▶ [Problem statement]
The response should consist of the data below, copied exactly, with no pictures in it.

Short web captions
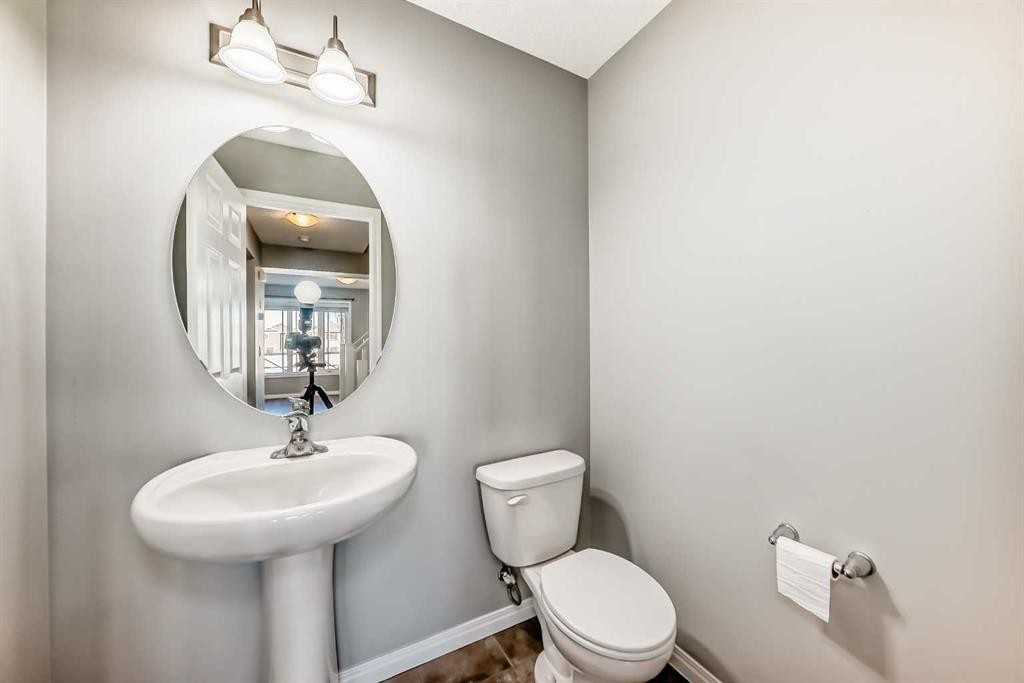 147 Windford Crescent Sw, Airdrie, AB - Indoor Photo Showing Bathroom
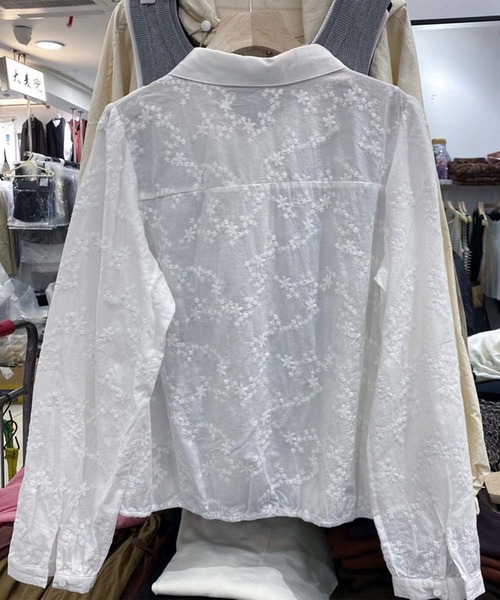 aimoha(アイモハ)の「花柄フロントカットシャツブラウス(シャツ/ブラウス・レディース・ホワイト/ライトベージュ・FREE)」の12枚目の写真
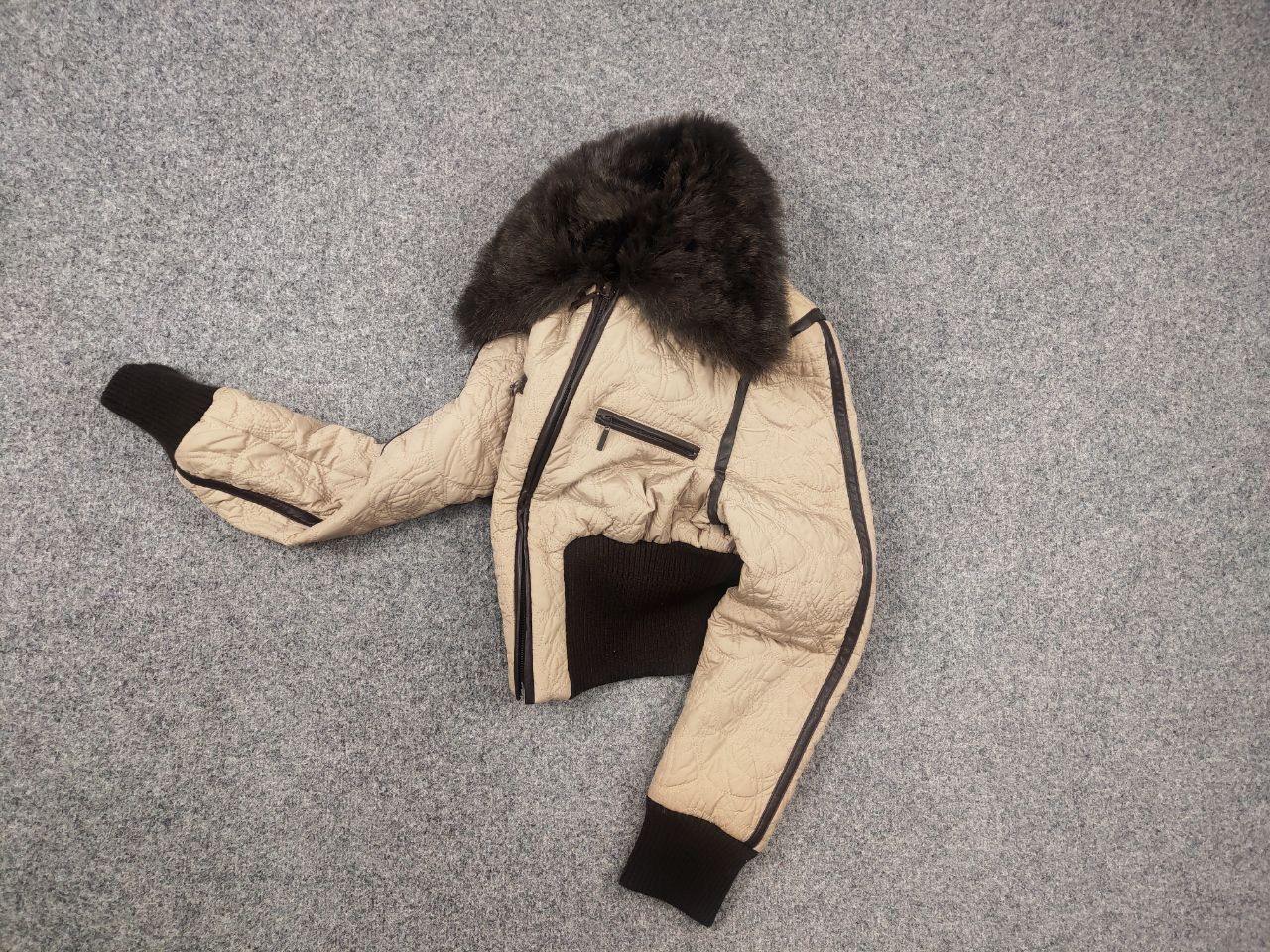 If Six Was Nine Vintage Y2K Cropped Faux Fur Zip Jacket Y2K LGB JPG Style Size L / US 10 / IT 46 - 12 Thumbnail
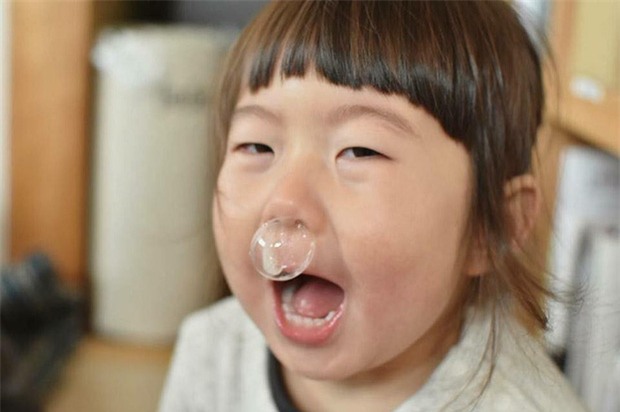 Bị mẹ dìm hàng không thương tiếc nhưng biểu cảm mặt xấu của cô bé 5 tuổi vẫn khiến dân mạng điêu đứng - Ảnh 24.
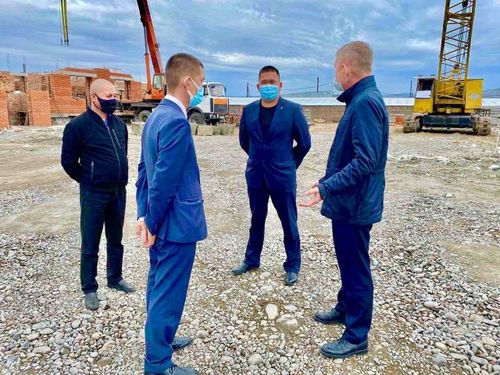 Строительство детсадов затягивается. Рабочие на карантине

▶ [Your response]
 147 Windford Crescent Sw, Airdrie, AB - Indoor Photo Showing Bathroom
 aimoha(アイモハ)の「花柄フロントカットシャツブラウス(シャツ/ブラウス・レディース・ホワイト/ライトベージュ・FREE)」の12枚目の写真
 If Six Was Nine Vintage Y2K Cropped Faux Fur Zip Jacket Y2K LGB JPG Style Size L / US 10 / IT 46 - 12 Thumbnail
 Bị mẹ dìm hàng không thương tiếc nhưng biểu cảm mặt xấu của cô bé 5 tuổi vẫn khiến dân mạng điêu đứng - Ảnh 24.
 Строительство детсадов затягивается. Рабочие на карантине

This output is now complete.